A principios del siglo pasado, Virginia Wolf -lejos de cualquier dogmatismo o presunción y desde un punto de vista realista, valiente y muy particular-   se preguntó: “¿Qué necesitan las mujeres para escribir buenas novelas?” Y dio una sola respuesta: “Independencia económica y personal”, es decir, Una habitación propia, el título del libro que estaba presentando. La sensible escritora supo analizar muy bien en esta obra la dificultad  que entrañaba  ser mujer e intelectual  en una sociedad como la inglesa, rodeada de niños, de servicio, de gente, de ruido; sin privacidad, sin un espacio propio donde poder recogerse en silencio y sigilo,  para dar rienda suelta a su inspiración  y a sus sentimientos. Corría el año 1929. Sólo hacía nueve años que se le había concedido el voto a la mujer y aún quedaba mucho camino por recorrer.

Muchas cosas han cambiado desde entonces. El divorcio, el derecho al voto, la píldora, los alimentos elaborados, los adelantos de la ciencia y la tecnología,  el acceso a la universidad y a trabajos antes exclusivamente masculinos, son conquistas modernas que han  brindado  a muchas de nosotras no solo descanso, comodidad y libertad económica, sino también  nuevos y sorprendentes horizontes.

Y sin embargo, la misión más grande de una mujer, la que le sigue deparando más satisfacciones sigue siendo la de dar amor. Una misión que no ha sido valorada en toda su magnitud. Suele decirse que detrás o al lado de un hombre hay una gran mujer. Generalmente se piensa que esta mujer  es su esposa, amante o compañera. En muchos casos es así, desde luego. Pero a mí me gusta pensar que esa mujer es la madre. Esas madres  que  con una labor  de años, callada y poco reconocida, han  formado el corazón y la mente de cientos de hombres y  escrito en su  espíritu con tinta indeleble  lo que serán en el mañana. Me pregunto, cuántos de nosotros hubiésemos preferido tener en vez de madres solícitas y amorosas, estupendas escritoras que poco o nada se preocuparan por nuestro bienestar. Ninguno, ¿verdad?
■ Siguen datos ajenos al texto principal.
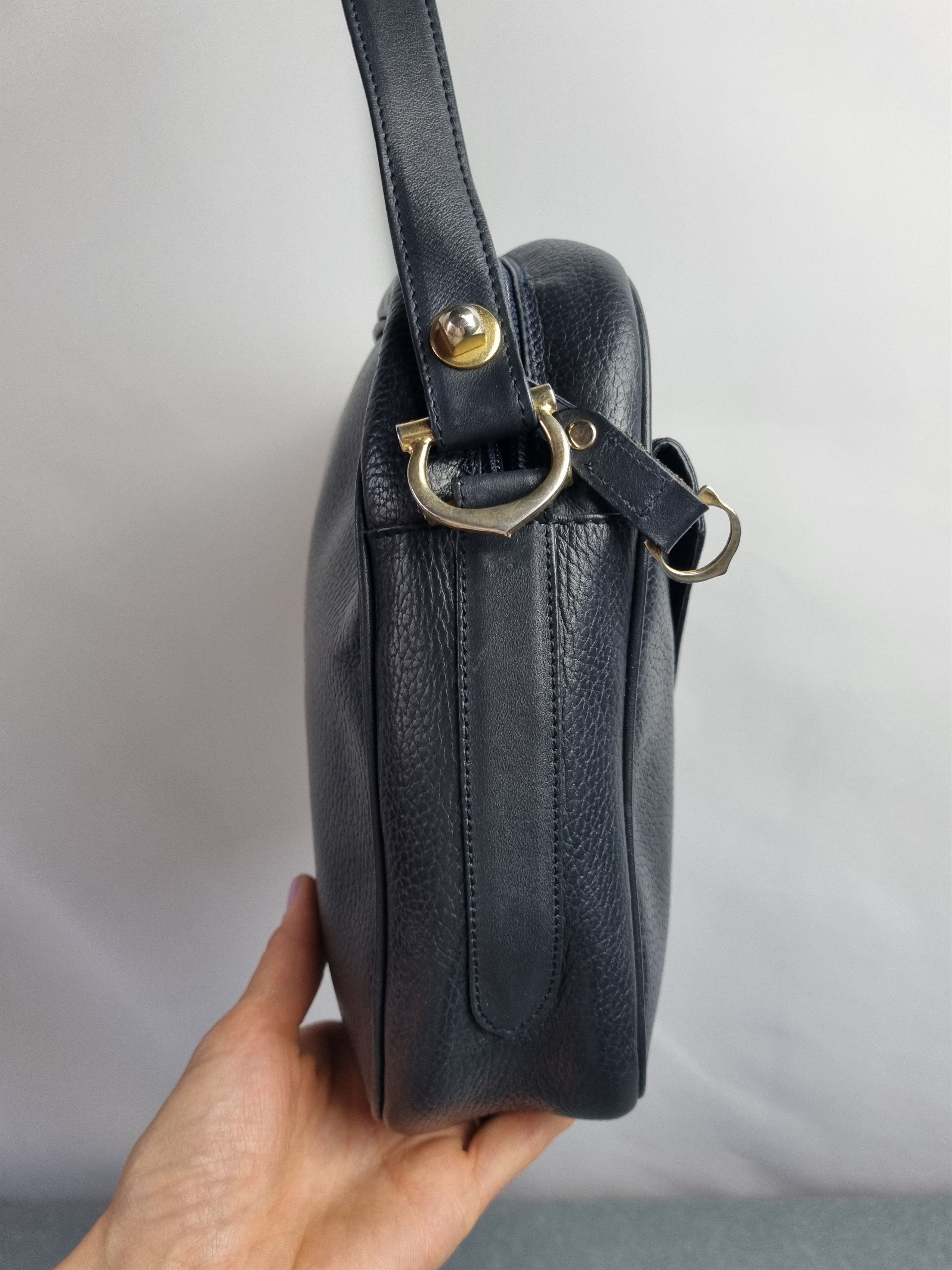 Cartier × Genuine Leather Cartier Leather Luxury Navy Crossbody Bag Size ONE SIZE - 12 Thumbnail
Hoy, sin embargo,  las cosas están cambiando. En nuestra alma generosa se ha filtrado sutilmente el fantasma del egoísmo. Las mujeres hemos empezado a pensar más en nosotras, en nuestra realización, en nuestra carrera, en nuestra independencia, en nuestro propio espacio personal, en nuestro placer y  bienestar. El hogar y la familia han ido pasando imperceptiblemente a segundo plano. Sí. Ahora podemos gozar mucho más de la vida y sobre todo, de un ambiente mucho más propicio para destacarnos en cualquiera de nuestras profesiones.

Me atrevo a asegurar que en el futuro habrá decenas de escritoras, de buenas escritoras,   y de mujeres sobresalientes en todos los órdenes, pero seguramente también, muchos niños con una infancia poco feliz. No puedo evitar preguntarme: ¿ Quién es más necesaria: ¿una madre o una escritora?

Muy probablemente, en unos pocos años, las cifras de mujeres escritoras que dieron  origen a este artículo se incrementarán, pero mucho me temo que no por eso será mejor ni más feliz la humanidad.

La pregunta que motivó estas reflexiones estuvo,  me parece,  mal formulada. La verdadera pregunta debió haber sido:
          ¿Por qué especie de  sorprendente milagro ha habido en el mundo tantas mujeres escritoras?